My Yahel family consists of my fellow Yahelniks who have been through the awkward first bus ride, crazy water hikes through rivers, fun nights out, and everything in between together. These people that I met a mere three months ago on a street with a pile of suitcases have become people I can talk about the struggles and happiness of living in a new country, talk about topics that I don’t usually think enough about, laugh so hard I cry, and miss when I don’t see them for several days. Every Thursday we have combined learning days to hear from It is fascinating to me that a group of people who live in North America with drastically different backgrounds could all find our ways to Yahel where we connect and learn from each other.
For Hanukkah, we each went on our own adventures in Israel, Cyprus, Istanbul, Germany, Prague, Budapest, Vienna, America, and Amsterdam. My friend Dustin and I decided to take on Italy (stay tuned for a post dedicated just to our trip!) As our hostel lady, Monica, became our pseudo family for the couple days we spent in Rome, she deserves a spot in this post. When we first arrived in Rome, we were exhausted and got very lost on the confusing Roman metro lines. Arriving close to an hour after I told her we would be there, I was incredibly apologetic and she brushed it all off with a hug and “Welcome to Rome!”- almost like being in Tennessee plus an Italian accent. 🙂 When she found that we had no real concrete schedule for our time in Rome, Monica proceeded to give us two maps of Rome- one with close to 20 sticky notes of the best gelato, restaurants, and coffee, and the other with circles of the best monuments with which bus or metro to take to get there. She also sat with us for close to an hour describing the special spots to find, history behind where we were staying, who she is, why Italian coffee is the best, the fun coincidence that we arrived on the Feast of Immaculate Conception, how to lock and unlock our door – everything we needed to know about Rome. She kept checking in via email and in person wondering how our time was and what else we needed. I was hoping to find fun Italians and Monica did not disappoint with the crazy Italian mother personality…I instantly fell in love!

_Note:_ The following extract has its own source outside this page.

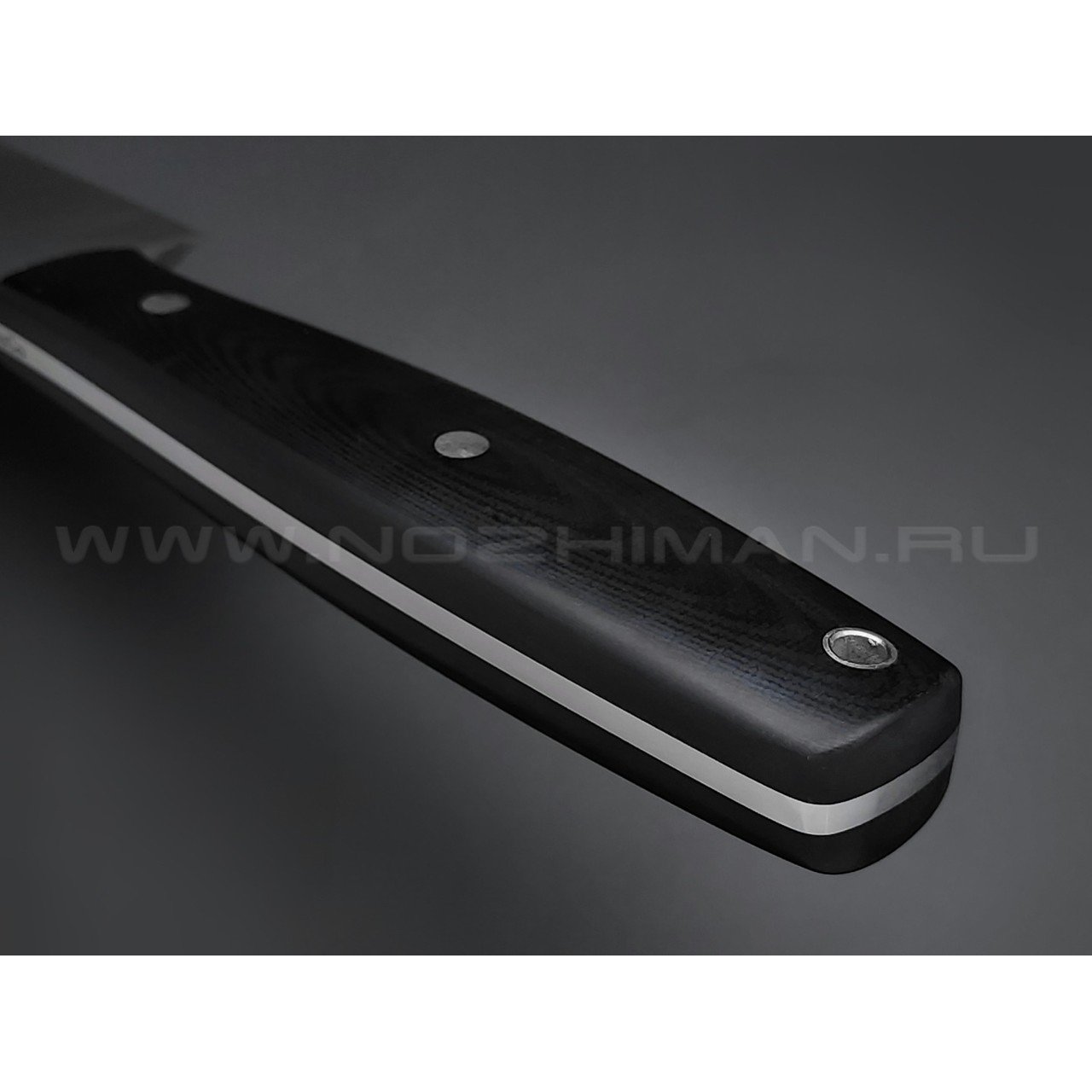 Кметь нож "Кухонный №1" сталь SuCo, рукоять G10 black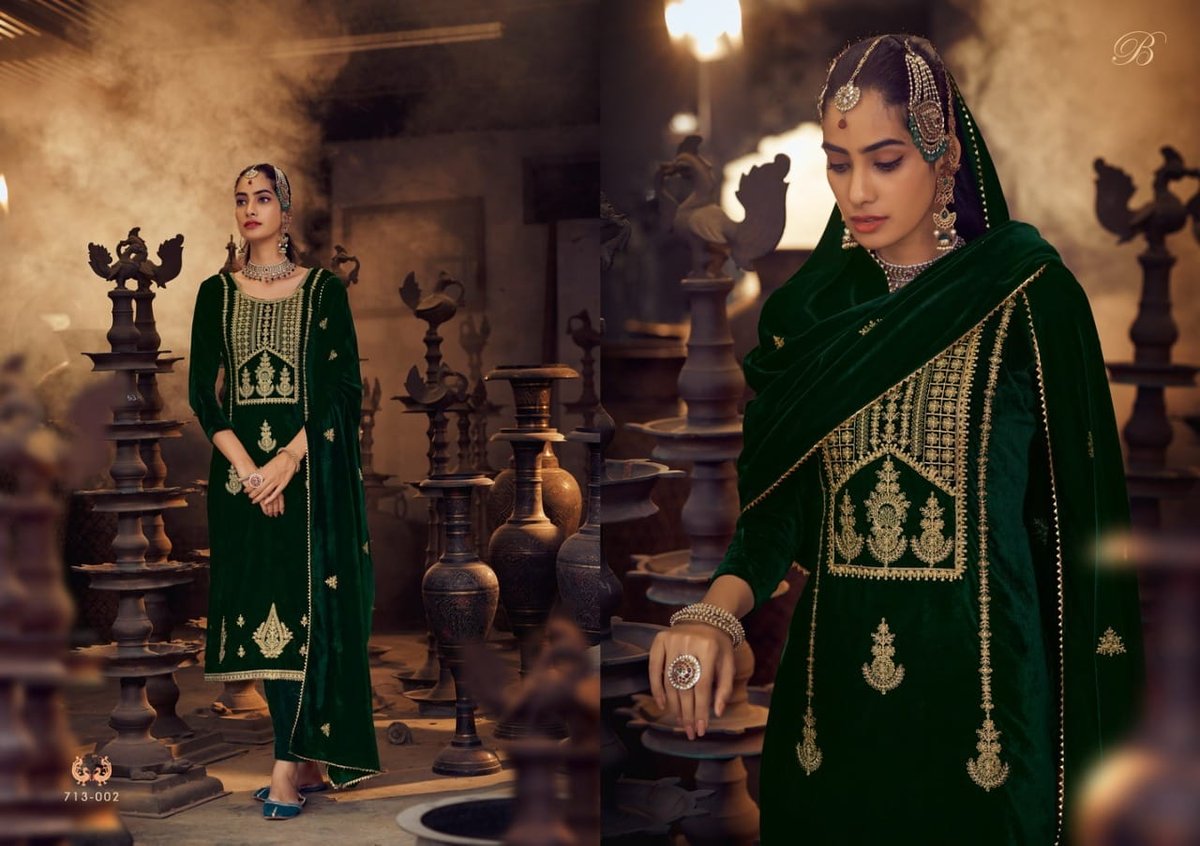 Belliza Designer Velvet Luxury 713-001 To 713-006 Series 2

While I am here, I get so many fun stories from home. One of my favorites was a couple weeks ago when I was talking to my friend Chelsea and she was driving to my grandmother’s house to eat dinner and make latkes. (Not only happened one time– the next week she went to my house with her boyfriend to make more latkes!) How incredibly fun is it that I am on the other side of an ocean being adopted by new families and my family is adopting a her?! Have to love human kindness and generosity.
It is hard to believe that I am a third of the way through my time in Israel. I have learned so many new perspectives, met many different people and experienced things I never even knew existed. This is the start of an incredible journey with amazing people and new families, and I am so thankful to be here – even if they don’t have Christmas trees! 🙂
Happy late Hanukkah and Merry almost Christmas, one and all!